Given: Context with multiple domains When: User says "Add subscription billing" Then: Keeps payment + integration specs (33% reduction)

TC-003: Architecture Review (Broad)

Given: Context with all specs When: User says "Review architecture" Then: Keeps all specs (0% reduction, full context needed)

TC-004: Vague Prompt

Given: Context with multiple specs When: User says "Help me" Then: Keeps all (low confidence, plays safe)

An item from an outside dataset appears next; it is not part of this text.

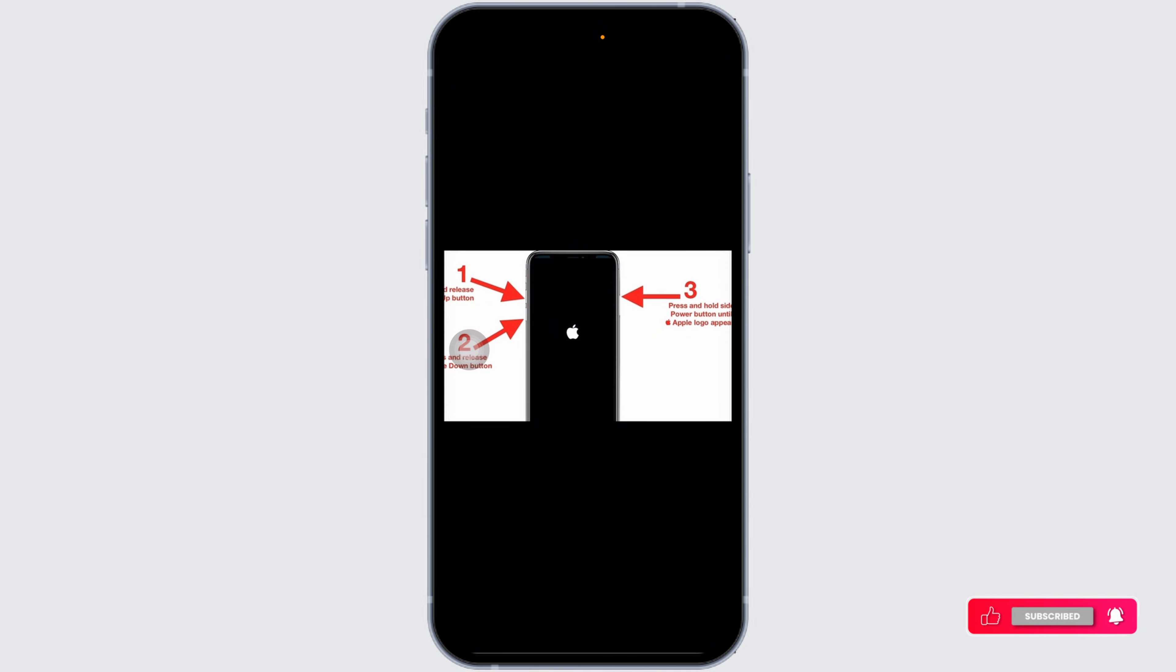Force restarting won't erase any data on your iPhone. It's simply a hot reboot to help you with unresponsive apps or temporary glitches.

TC-005: Manual Domain Specification

Given: Context with all specs When: User says "Optimize for payment work" Then: Keeps only payment domain (50%+ reduction)

Future Enhancements

Phase 2: Conversation History Analysis

  • Track which context was actually used
  • Remove sections never referenced
  • Learn user patterns

Phase 3: Dynamic Context Expansion

  • Start with minimal context
  • Add sections on-demand when mentioned
  • "Just-in-time" context loading

Phase 4: Cross-Increment Context

  • Detect dependencies across increments
  • Load context from multiple increments intelligently
  • Maintain coherence across features

Resources


Summary

context-optimizer provides second-pass context optimization:

Intent-driven filtering (analyzes user prompt) ✅ Domain-aware (removes unrelated specs) ✅ Task-type specific (bug fix vs feature vs architecture) ✅ 80%+ total reduction (on top of context-loader's 70%) ✅ Automatic (runs after context-loader) ✅ Safe (restores context if needed) ✅ Configurable (custom domains, buffer strategy)

Use it when: Working with large specs (500+ pages) where even manifest-based loading results in 30k+ tokens.

Skip it when: Context already small (<10k), broad architectural questions, or planning new features from scratch.

The result: From 150k tokens → 27k tokens = 82% total reduction, enabling work on enterprise-scale specs within Claude's context window.